Brussels, 20 November 2007
Following a second outbreak of avian influenza on the border of Norfolk and Suffolk yesterday, the Standing Committee voted in favour of a Decision defining the risk zones and confirming the control measures in place. The UK authorities informed the Commission yesterday that the highly pathogenic virus had been confirmed on another holding, situated within the protection zone set up after last week's outbreak. The farm had been considered a "dangerous contact" holding, as it was owned by the same company and shared workers with the holding where the outbreak occurred last week. All 9 000 turkeys on the holding have been culled and epidemiological investigations are being carried out to try to determine the source of the outbreaks. Under today's Decision, the protection and surveillance zones which were established last week (see IP/07/1689) have been expanded slightly to incorporate the full 3km and 10km radius areas around the newly affected holding. However, the buffer area around these zones remains the same. In both the protection and surveillance zones, on-farm biosecurity measures have been strengthened and the authorities are ensuring that all poultry owners are fully aware of the procedures to stop the further spread of the virus.
The Standing Committee also agreed today to move more districts in Great Britain to the category of "low risk zone", on account of the favourable disease situation and positive progress on surveillance. There has been no outbreak of foot-and-mouth disease in the UK since mid-September, and the prevention and control measures that have been rigorously implemented appear to have been successful in eradicating the virus. Under today's Decision, more areas in Great Britain will be allowed to lift the movement restrictions in place and partake in the trade of meat and meat products from susceptible animals. A high risk zone of about 40km radius surrounding the holdings where the outbreaks occurred remains in place, in which movement restrictions will continue to apply.

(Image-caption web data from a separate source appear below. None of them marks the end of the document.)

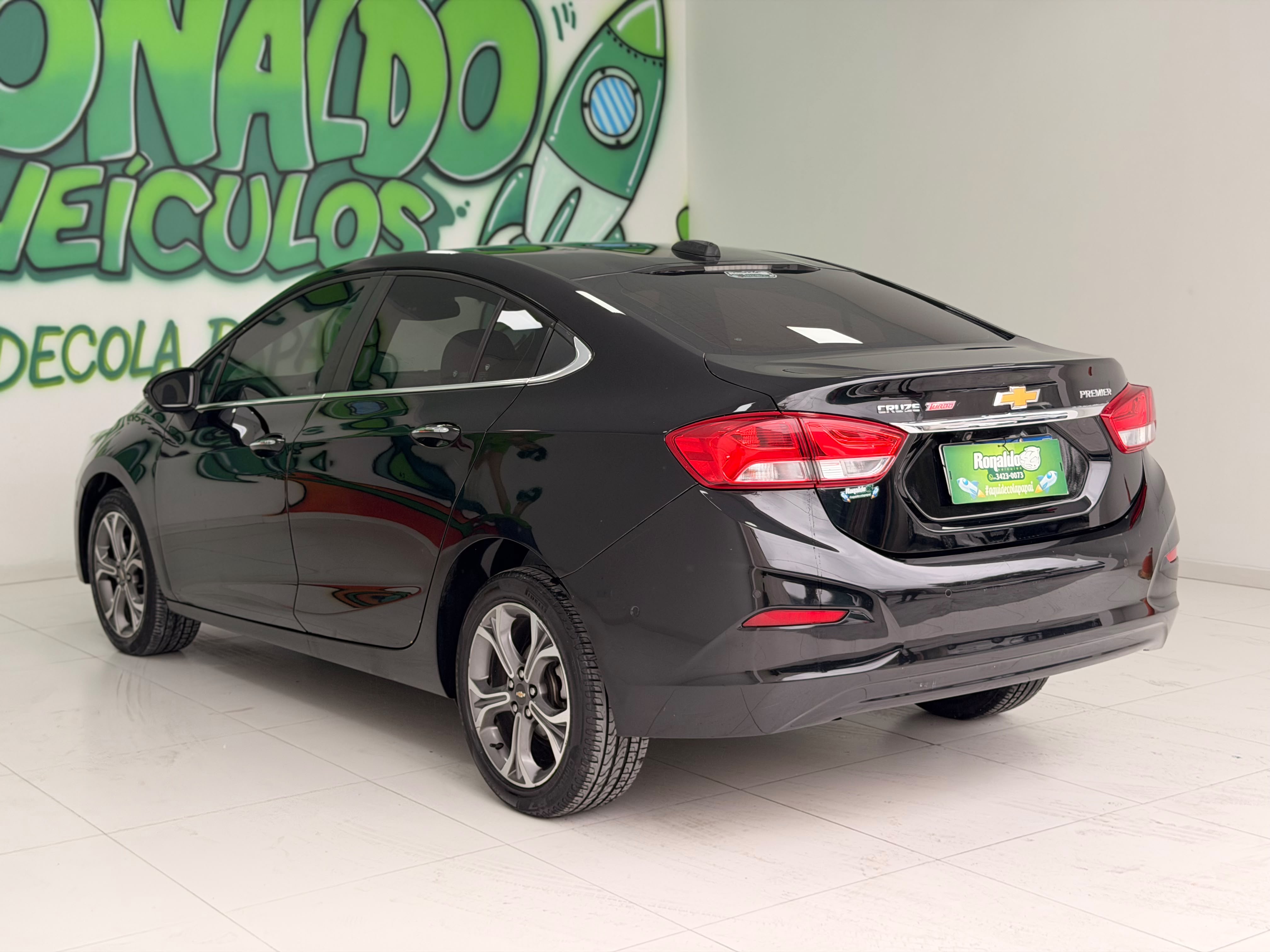 Chevrolet Cruze Premier 1.4 16V Tb Flex Aut. - foto 8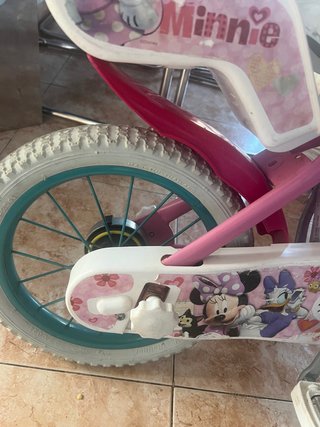 Bicicleta Infantil Minnie Mouse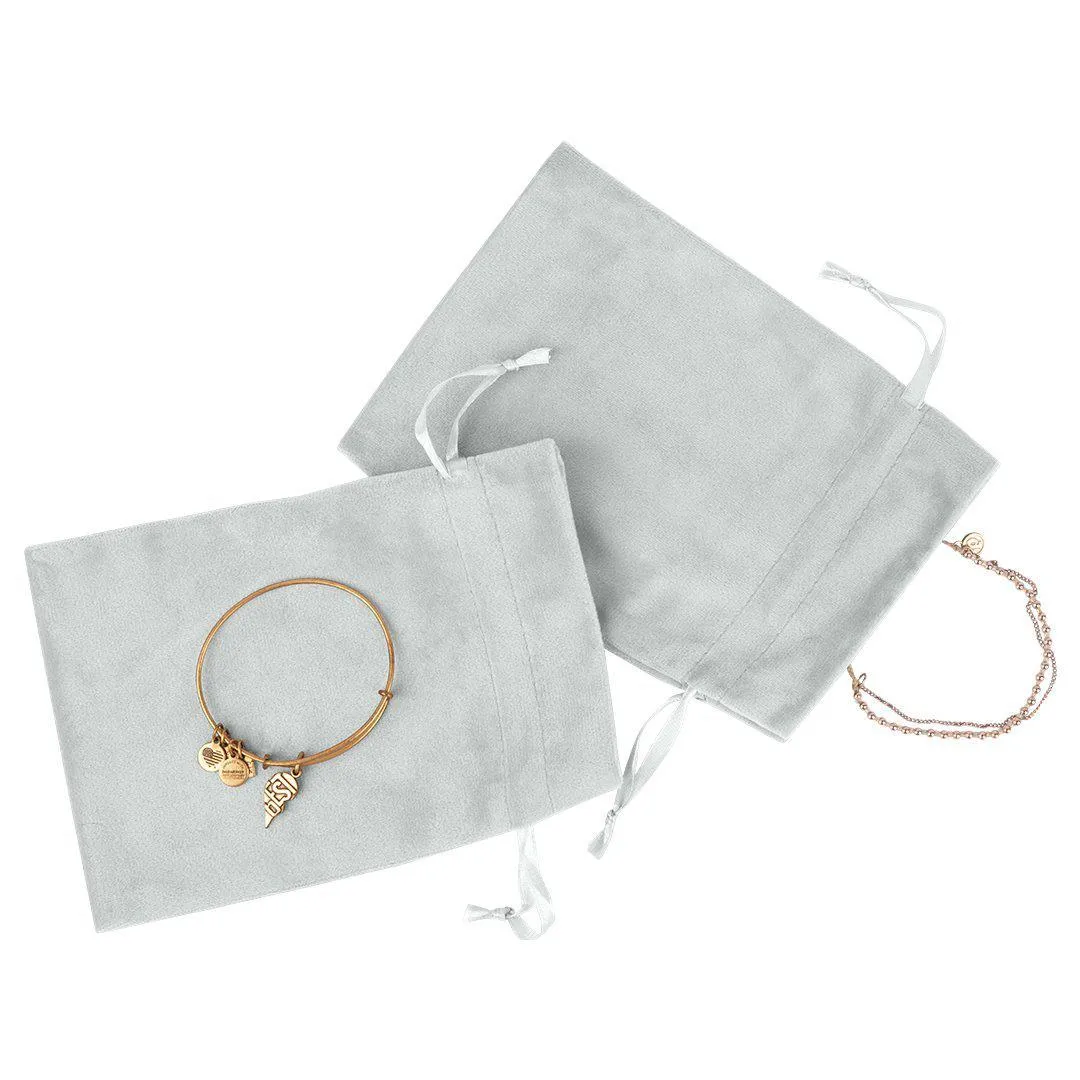 Set of 25 Velvet Drawstring Favor Bags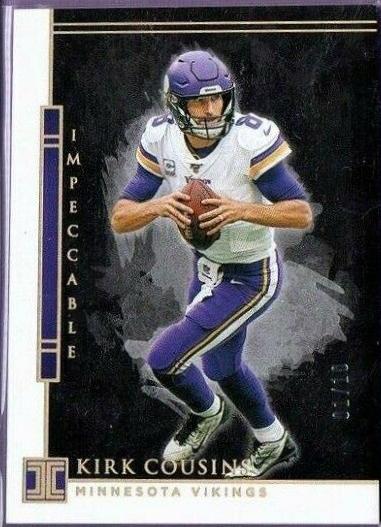 Kirk Cousins [Gold] #61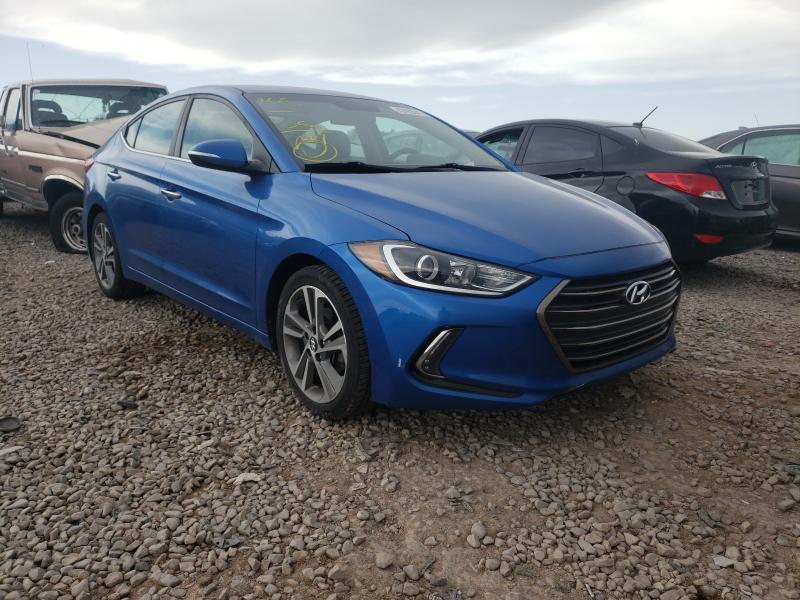 HYUNDAI ELANTRA SE 2017 5npd84lf2hh013431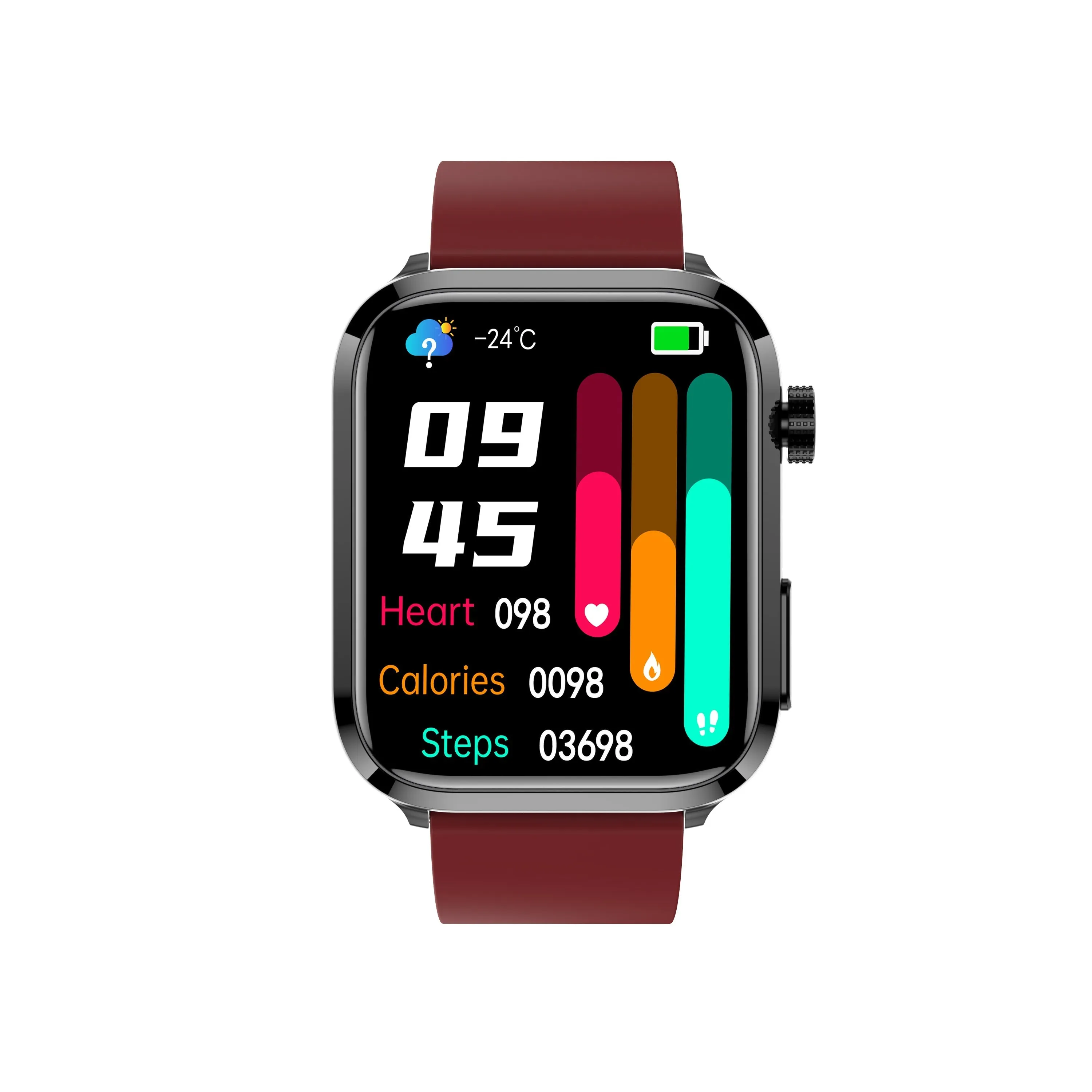 Advanced health monitoring smartwatch ECG2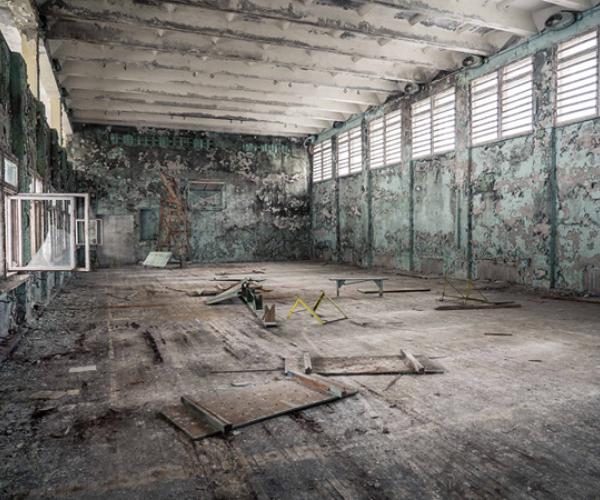 Picture 9 of Photos of 30 years of disaster Chernobyl nuclear power plant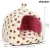 Supplier Plush Flannel Cave Luxury Custom Cushion Dog Cat Puppy Carry Pet Sleeping Tent-Soft Bed House Carrier Bag For Sale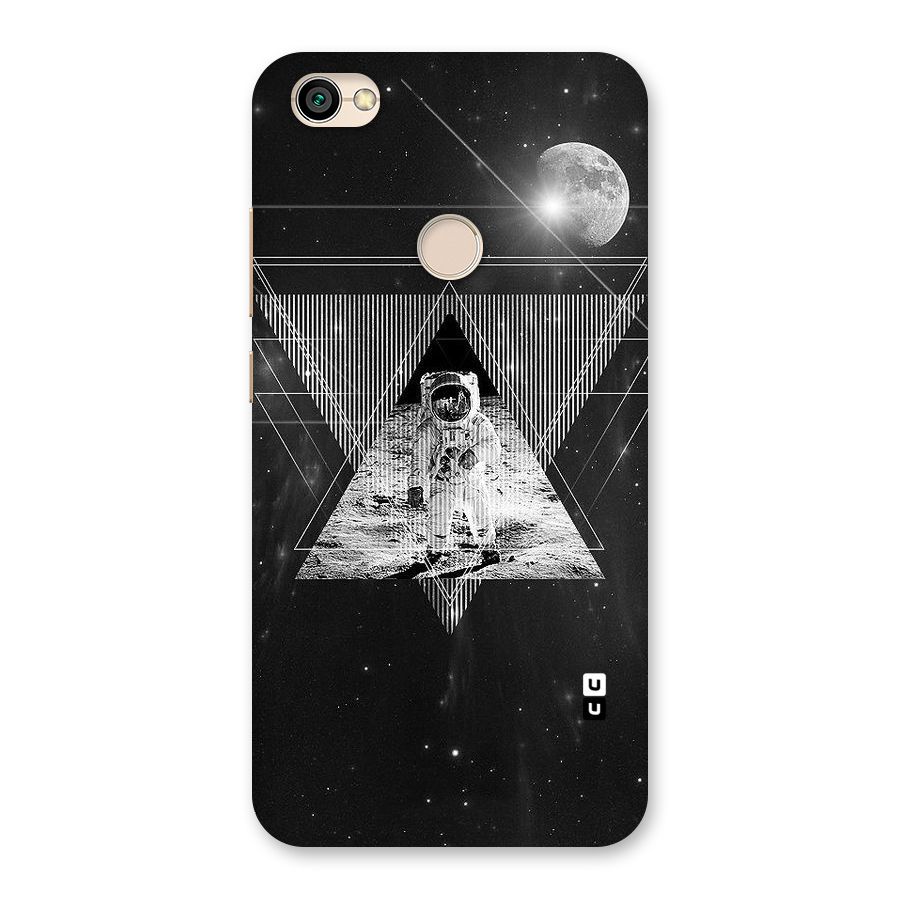 Space Triangle Abstract Back Case for Redmi Y1 2017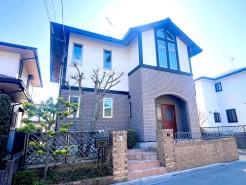 外壁、屋根塗装リフォーム済み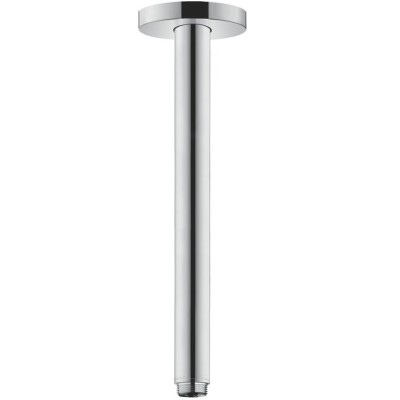 HANS GROHE DOUCHE-ARM DIA. 27MM 300MM PLAFONDMONTAGE CHR.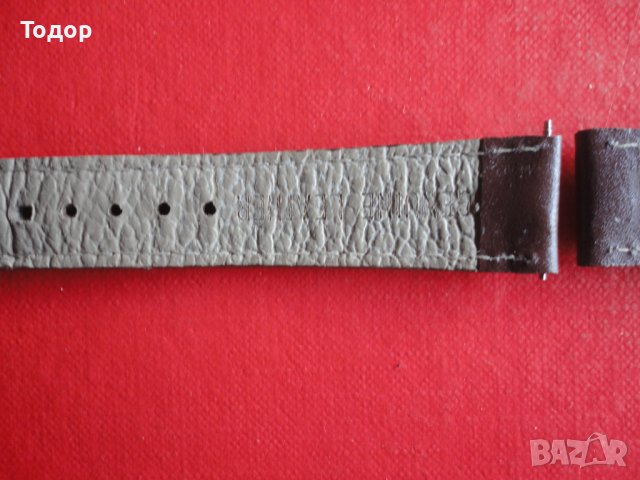 Кожена каишка за часовник 1, снимка 4 - Мъжки - 40577506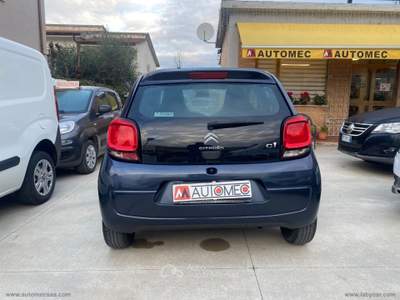 Citroen C1 C1 Airscape VTi 68 ETG 5p. Feel Blu/Azzurro usata SAN GIULIANO TERME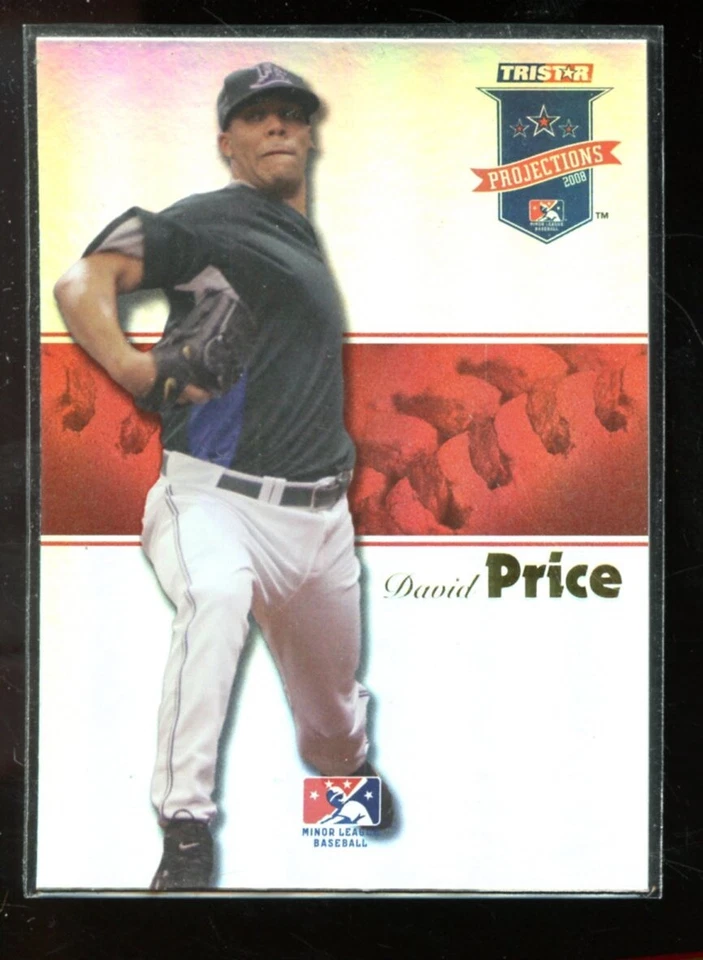 2008 TRISTAR #44 DANIEL PRICE TAMPA BAY ROOKIE MINT A0806 - Изображение 1 из 1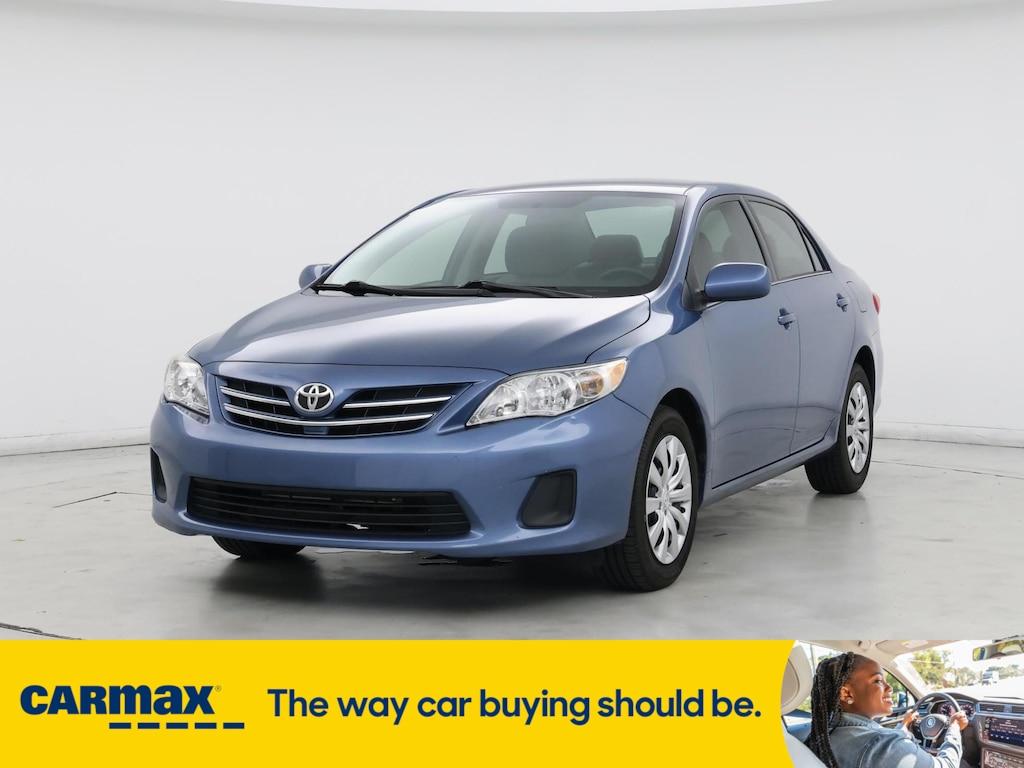 used 2013 Toyota Corolla car, priced at $15,998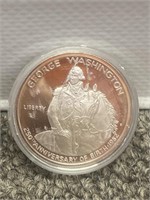 Silver half dollar George Washington 1982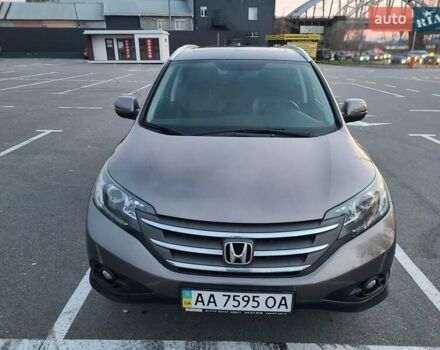 Синий Хонда СРВ, объемом двигателя 2.4 л и пробегом 197 тыс. км за 18999 $, фото 5 на Automoto.ua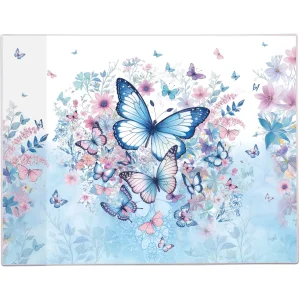 Goldbuch sous-main Jardin des papillons 49x38 cm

However, it was agreed today that fresh meat and meat products will now be allowed to be dispatched from the high risk zone, subject to stringent animal health conditions. These include a 21-day pre-slaughter standstill for the animals used to produce the meat, and ante- and post-mortem inspections for possible signs of FMD.
The meat must then be quarantined for 24 hours and can only be dispatched if there was no suspicion of disease in the holding of origin.
At today's meeting, Member States also received an update on the FMD
situation in Cyprus. Since the disease was confirmed on the island in early
November, eradication and control measures have been implemented by the Cypriot
authorities. The situation continues to be monitored closely.